Exercise aim: Without the pictures, output the lines of the material from the very first through the one that holds "Verras 40 jaar".

Data supplied:
——

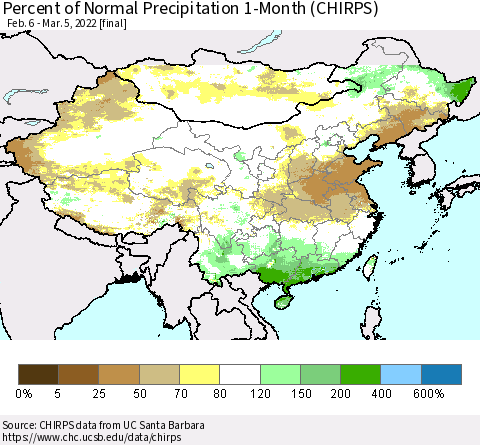 China, Mongolia and Taiwan Percent of Normal Precipitation 1-Month (CHIRPS) Thematic Map For 2/6/2022 - 3/5/2022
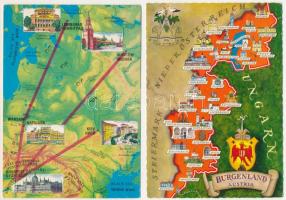 8 db MODERN térkép képeslap / 8 modern map postcards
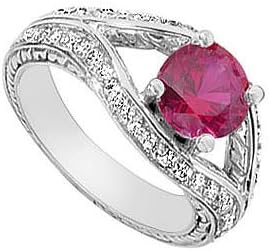 Created Ruby and Cubic Zirconia Ring 10K White Gold 2.75 Carat Total Gem Weight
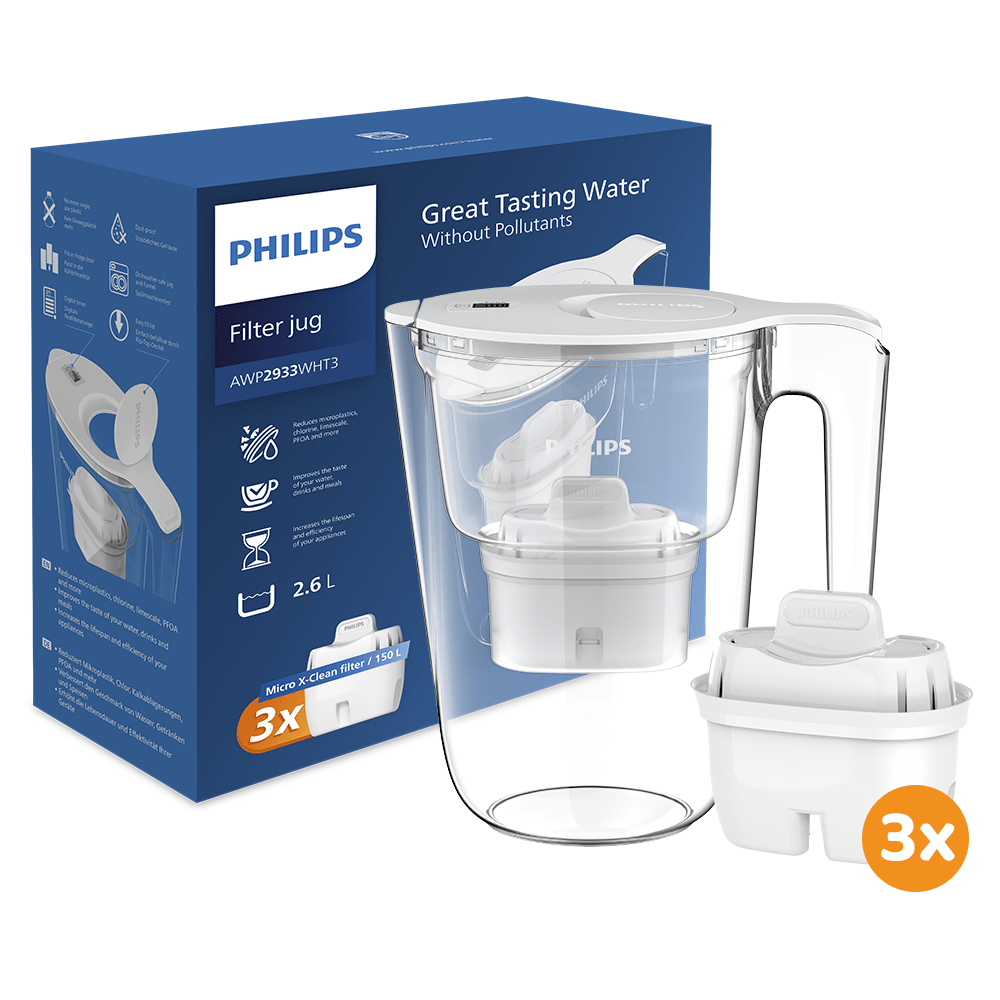 Philips vandfilterkande 2,6 L + 3 Micro X-Clean vandfilter (filtrerer PFAS) AWP2933WHT3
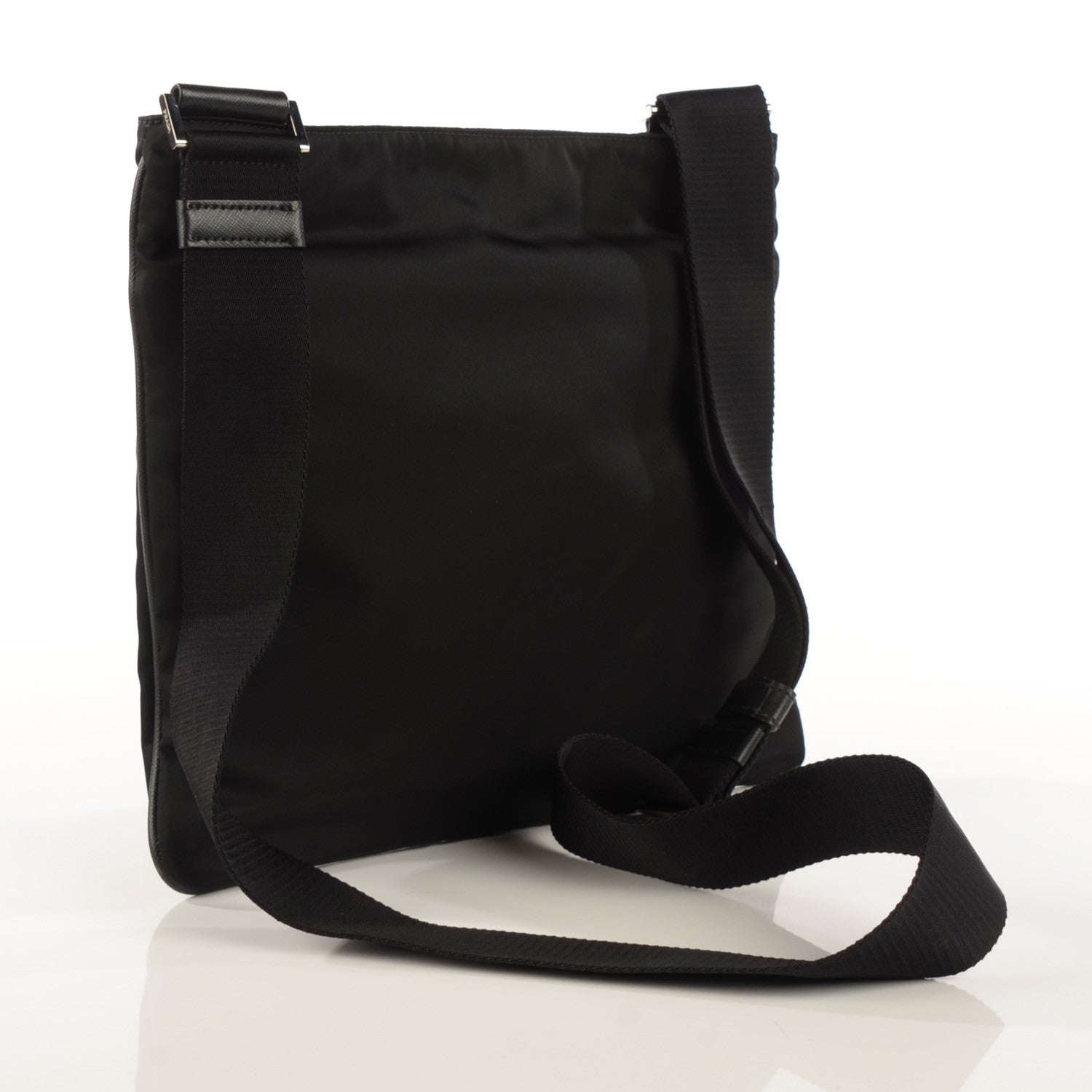 Prada Nylon Vela Flat Messenger Bag Black 3 of 11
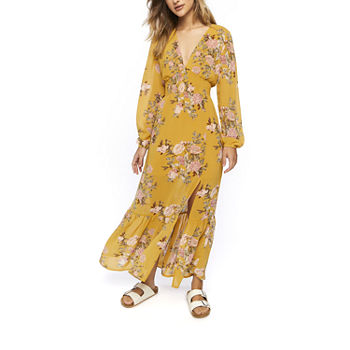Forever 21 Juniors Long Sleeve Floral Maxi Dress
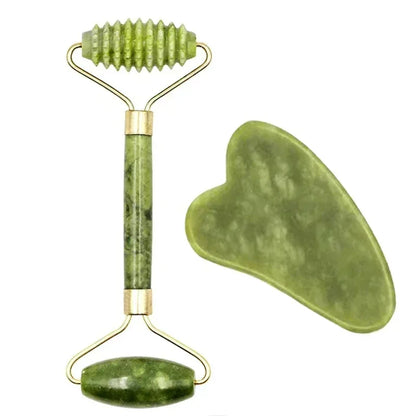 Rodillo facial de jade natural y Gua Sha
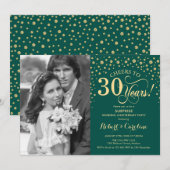 Verras 40 jaar huwelijk met foto groen goud kaart (Voorkant / Achterkant)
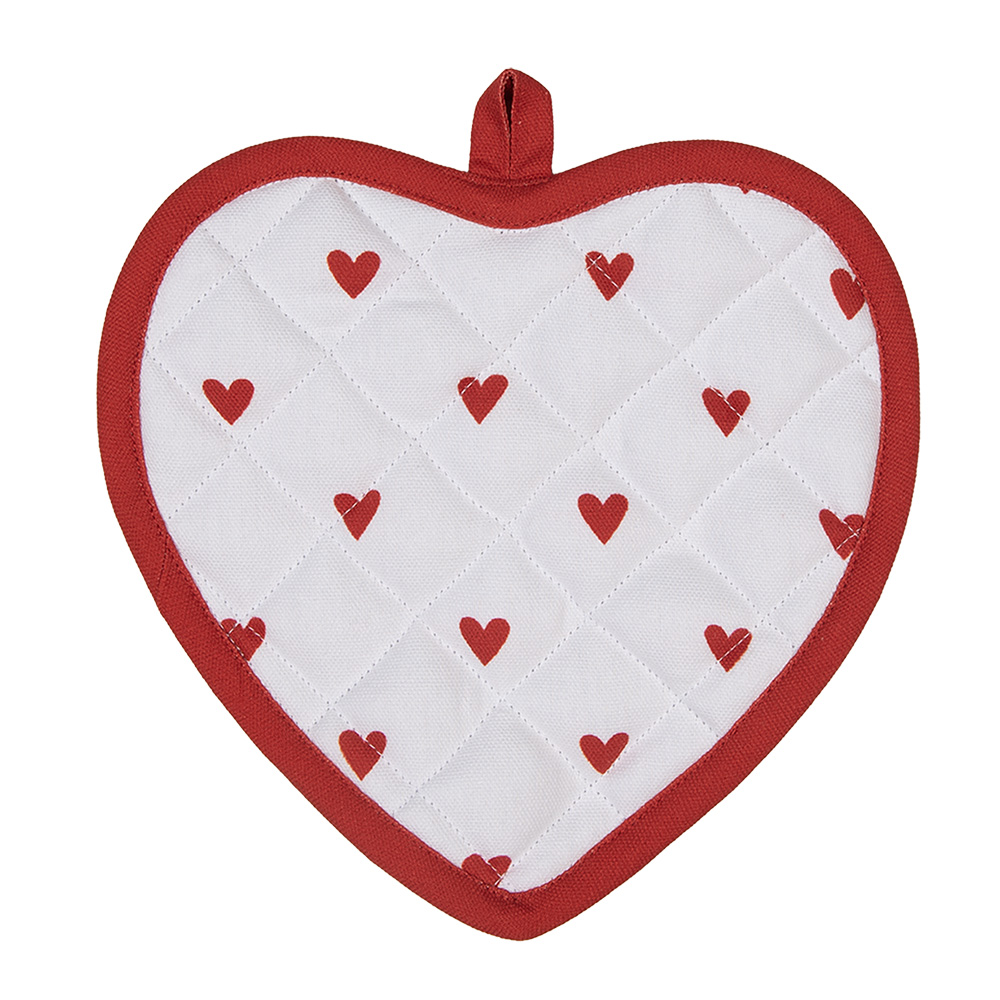 Clayre&Eef Pannenlap 20x20 cm Wit Rood Katoen Hartjes afbeelding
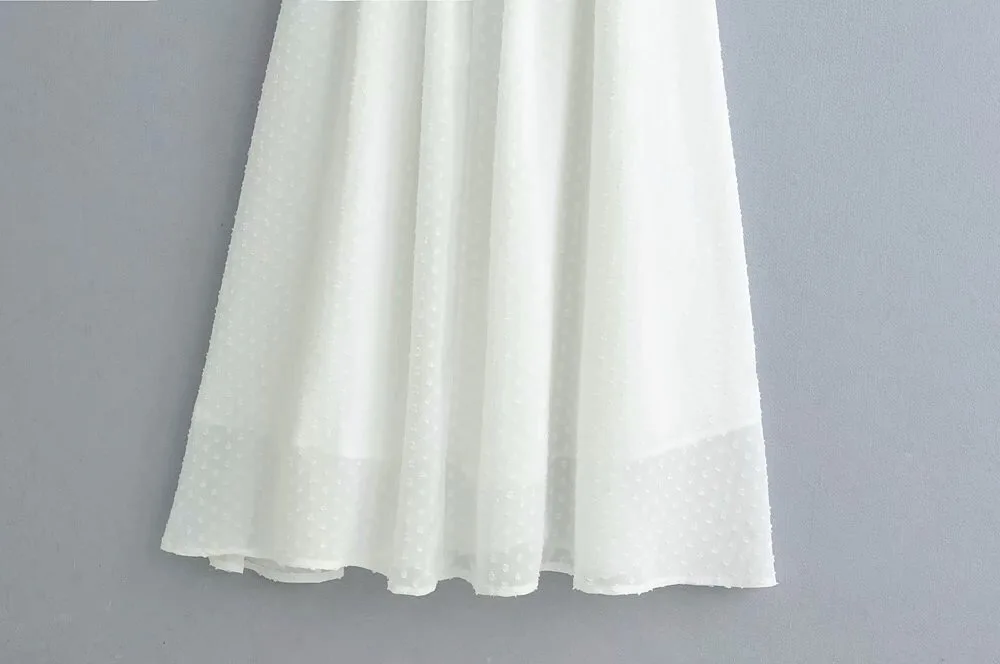 Женское платье с открытой спиной и коротким рукавом во французском стиле, белое 3D платье в горошек с оборками и квадратным воротником, Длинное Платье Макси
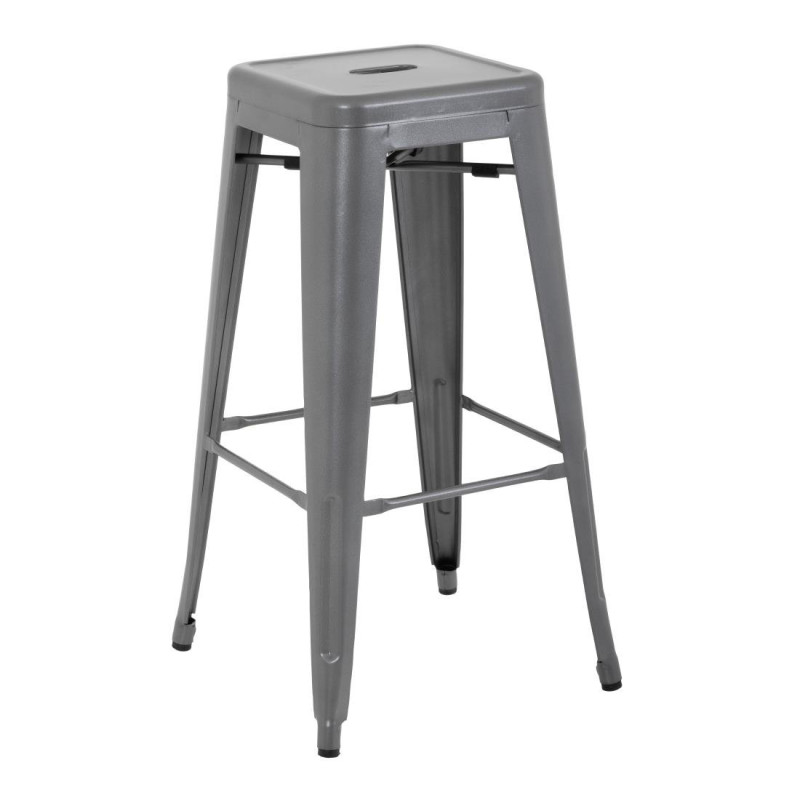 Galvaniseeritud terasest kõrged taburetid, metallik hall - komplekt 4 - Bolero Galvaniseeritud terasest kõrged taburetid, metallik hall - komplekt 4 - Bolero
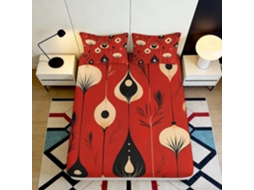 Conjunto de Cama com Estampa 3d Retrô Abstrata em Microfibra Fronha 200x200cm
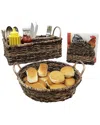 Woodard & Charles 3pc Indoor/outdoor Entertaining Set In Brown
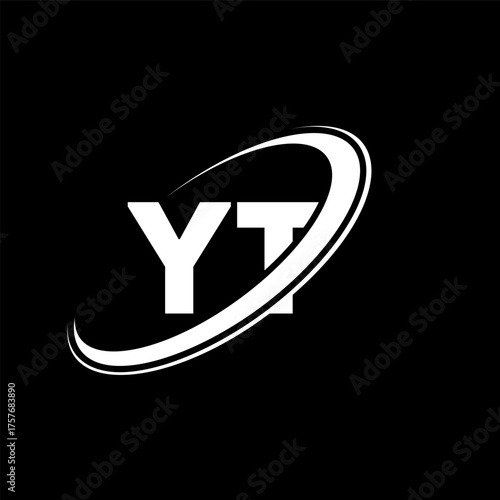 YT Y T letter logo design. Initial letter YT linked circle uppercase monogram logo red and blue. YT logo, Y T design. yt, y t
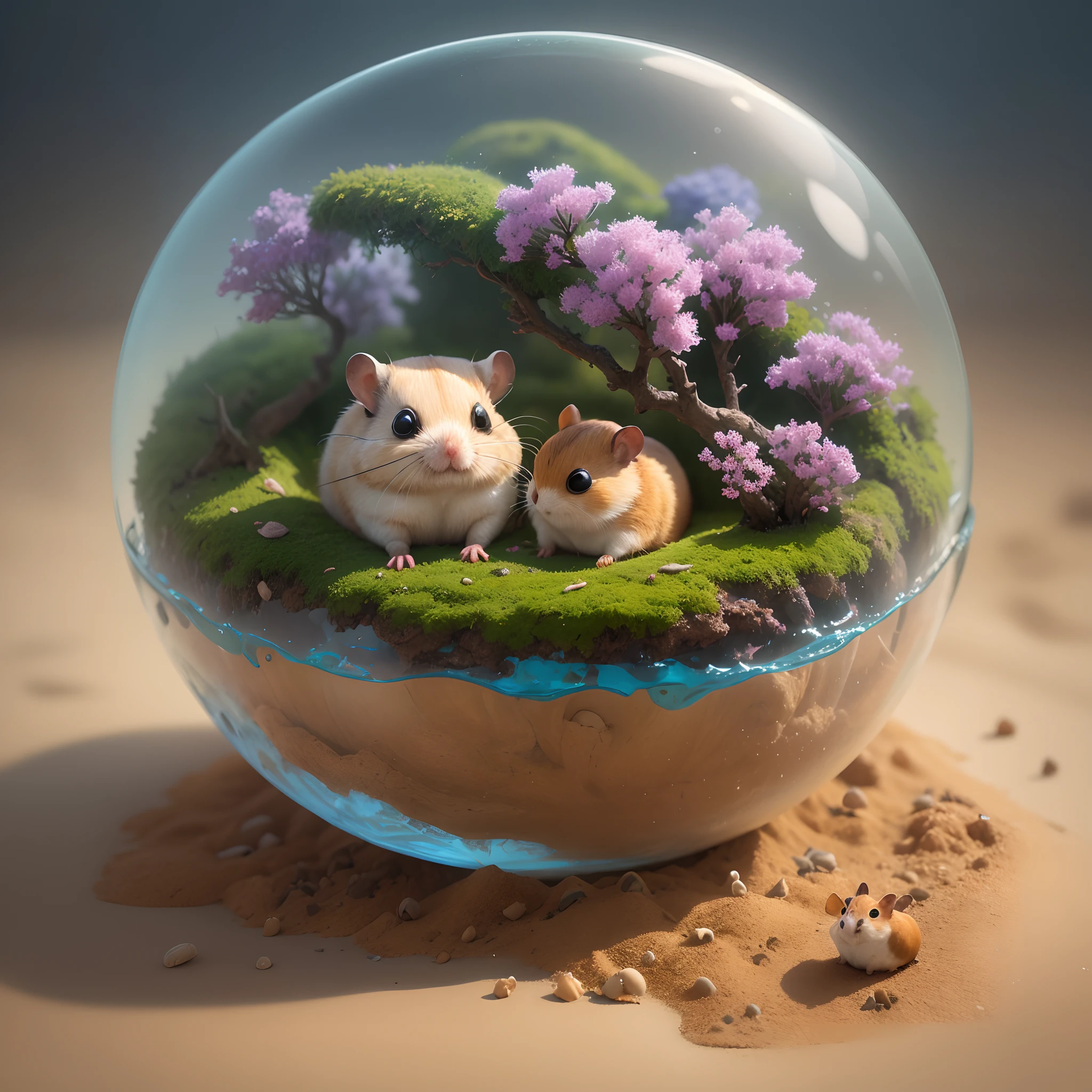 Cute anthill,It's covered with moss and cute hamsters,Made of sand,Blue Higan flowers bloom,Transparent fog,The hemispherical shape looks down from the sky,fanciful,Artistically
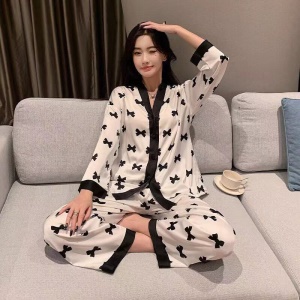 Femme pyjama en soie glacée Set de 2 pièces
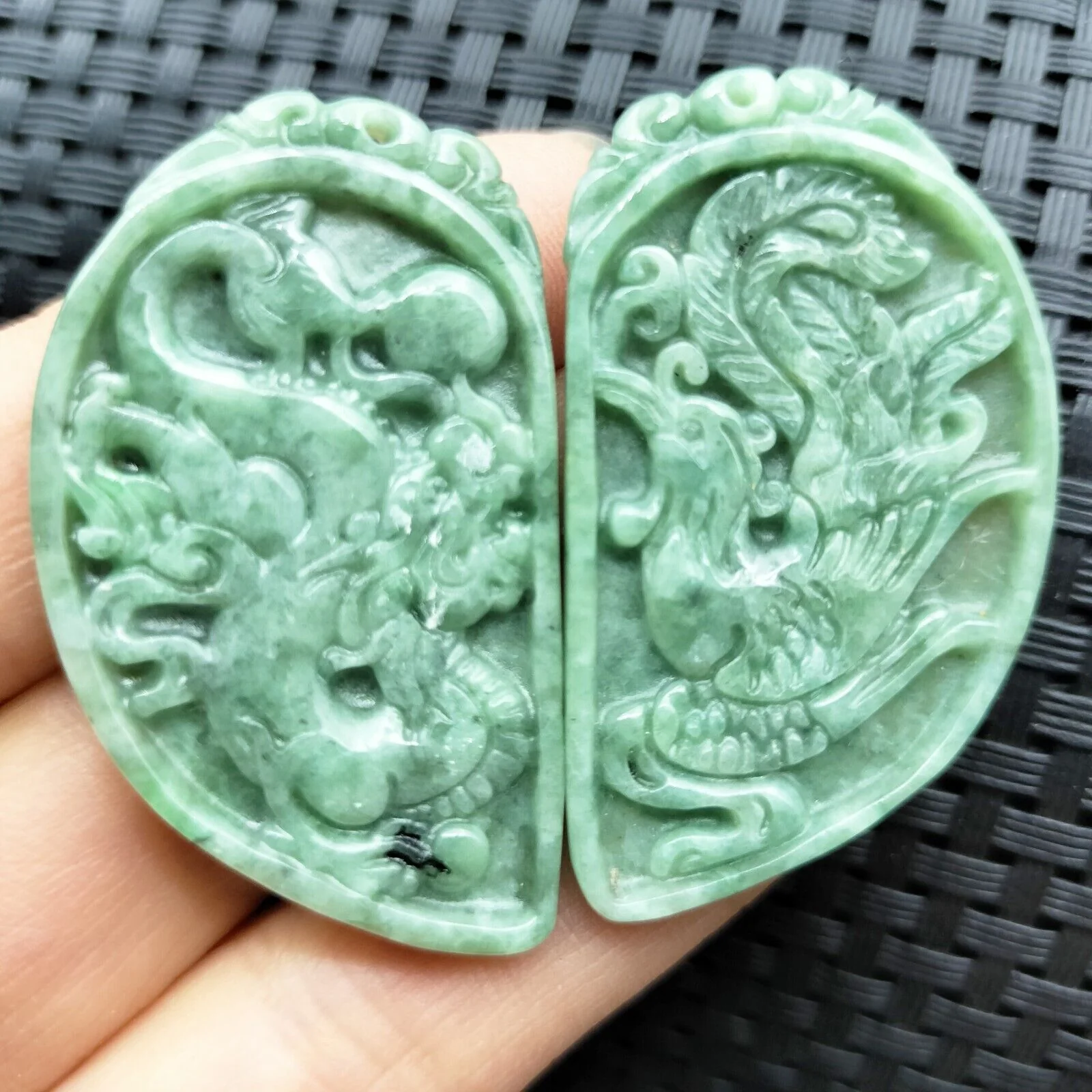 1Pair/2PCS Certified Green Natural Type A Jadeite Carved Dragon Phoenix Pendants - Image 4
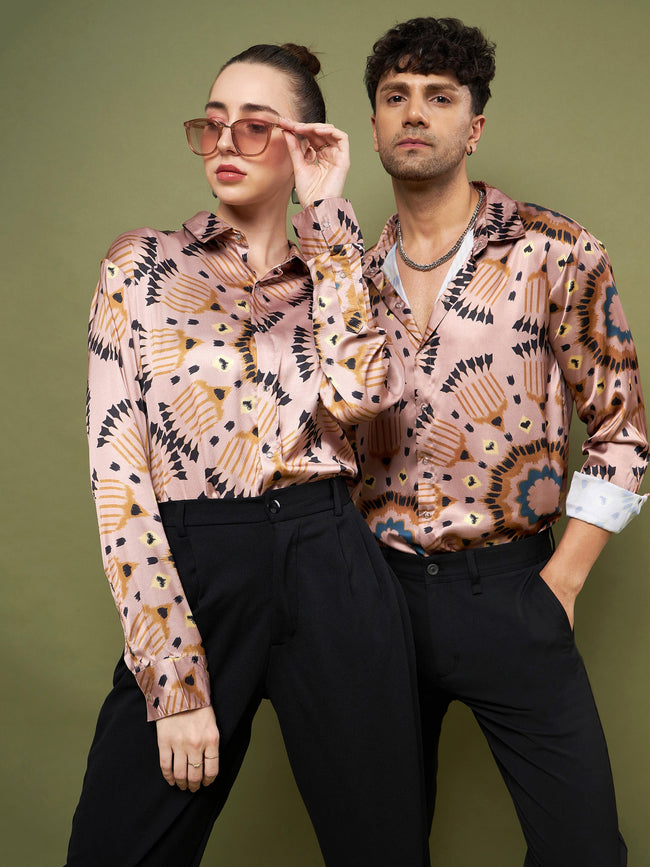 Women Brown Black Satin Relax Fit Shirt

——

Answer:
 China, Mongolia and Taiwan Percent of Normal Precipitation 1-Month (CHIRPS) Thematic Map For 2/6/2022 - 3/5/2022
 8 db MODERN térkép képeslap / 8 modern map postcards
 Created Ruby and Cubic Zirconia Ring 10K White Gold 2.75 Carat Total Gem Weight
 Philips vandfilterkande 2,6 L + 3 Micro X-Clean vandfilter (filtrerer PFAS) AWP2933WHT3
 Prada Nylon Vela Flat Messenger Bag Black 3 of 11
Forever 21 Juniors Long Sleeve Floral Maxi Dress
 Rodillo facial de jade natural y Gua Sha
 Verras 40 jaar huwelijk met foto groen goud kaart (Voorkant / Achterkant)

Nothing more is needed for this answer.